CGT - Taper relief: qualifying holding period  
   
The following articles have been extracted under a licence from HM Revenue & Customs website:  
  • Introduction;
  • Assets and disposals;
  • Working out the chargeable gain;
  • Relief’s (other than taper relief);
  • Allowable losses;
  • Taper relief: qualifying holding period;
  • Taper relief: business assets and non-business assets;
  • Working out the tapered chargeable gains;
  • Working out the amount chargeable to CGT;
  • Working out the tax due;
  • Post transaction valuation checks for CGT;
  • Indexation allowance;
  • Taper relief on disposals of business assets on or before 5 April 2000.
 
   
Introduction  
This series of articles tell you the basic rules of Capital Gains Tax (CGT) for individuals.  
   
This article addresses taper relief – a relief reducing the total chargeable amount of tax, depending on how long the asset has been owned. The relief is available to individuals, trustees and personal representatives. However, taper relief cannot be claimed by companies, as they are potentially eligible to claim indexation allowance instead.  
   
The article covers only common situations and does not contain all the guidance you will need to work out your chargeable gain, allowable, loss or relief in every case, or how much CGT you will have to pay.  
   
When do I have to work out taper relief?  
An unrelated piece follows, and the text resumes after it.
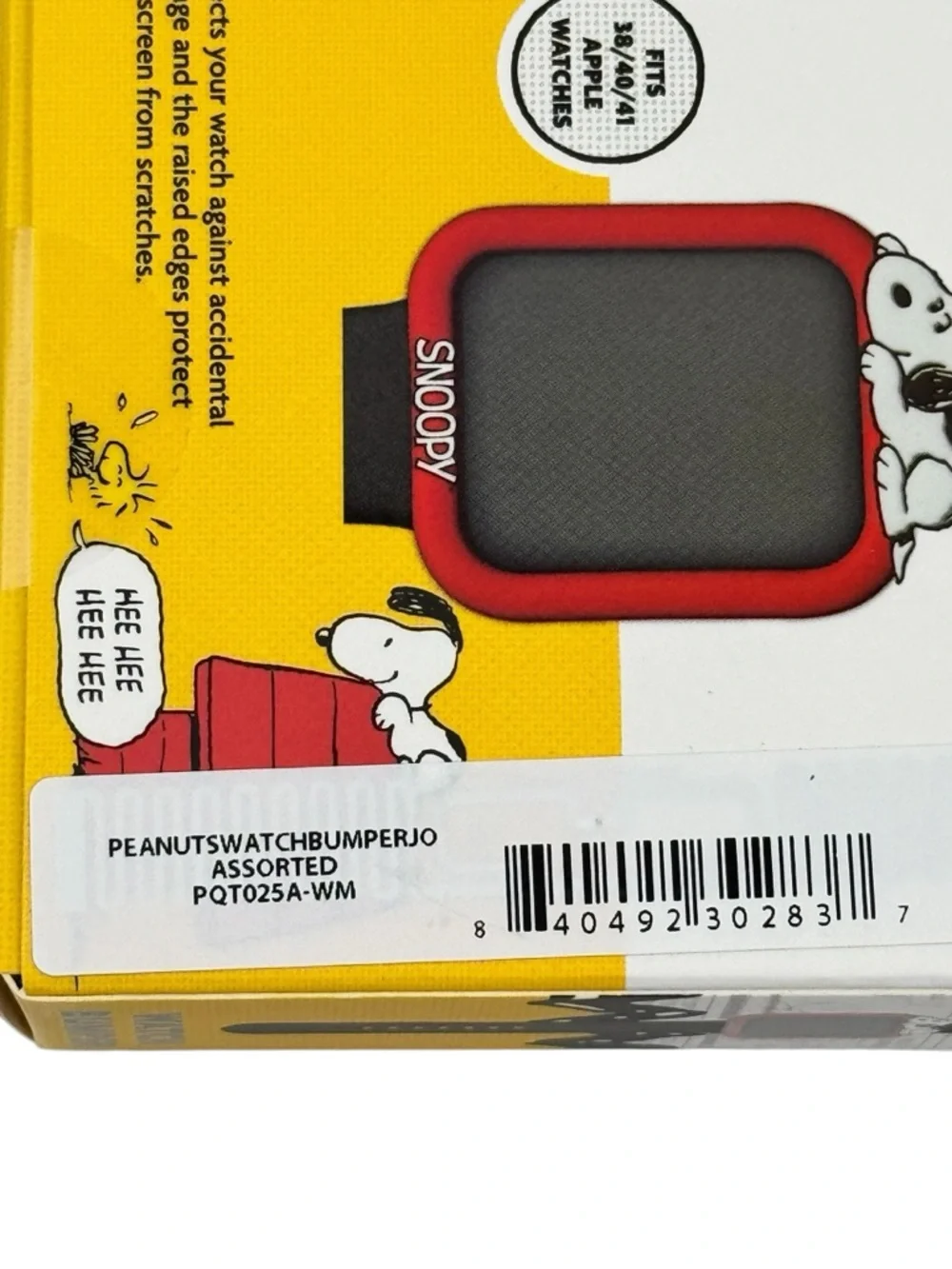 NIB CultureFly Peanuts Snoopy Apple Watch Bumper Case 38/40/41mm Protective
You only have to work out taper relief if your chargeable gains after allowable losses are more than the annual exempt amount for the year.  
   
How does taper relief work?  
Taper relief reduces a chargeable gain after losses according to how long you held the asset before you disposed of it.  
   
The relief is given after all other relief’s and allowable losses.  
   
The amount of the reduction depends on  
  • How long you held the asset (the qualifying holding period), and
  • Whether the asset was a business asset or a non-business asset (see article 7 – Taper relief, business assets and non-business assets).
 
   
If you have disposed of an asset on or after 6 April 2002, the amount of the chargeable gain on the asset (after deducting allowable losses) remaining chargeable to tax after taper relief is as follows:  
   
Business asset Non-business asset
Number of whole years in the qualifying holding period Gain remaining chargeable (%) Number of whole years in the qualifying holding period Gain remaining chargeable (%)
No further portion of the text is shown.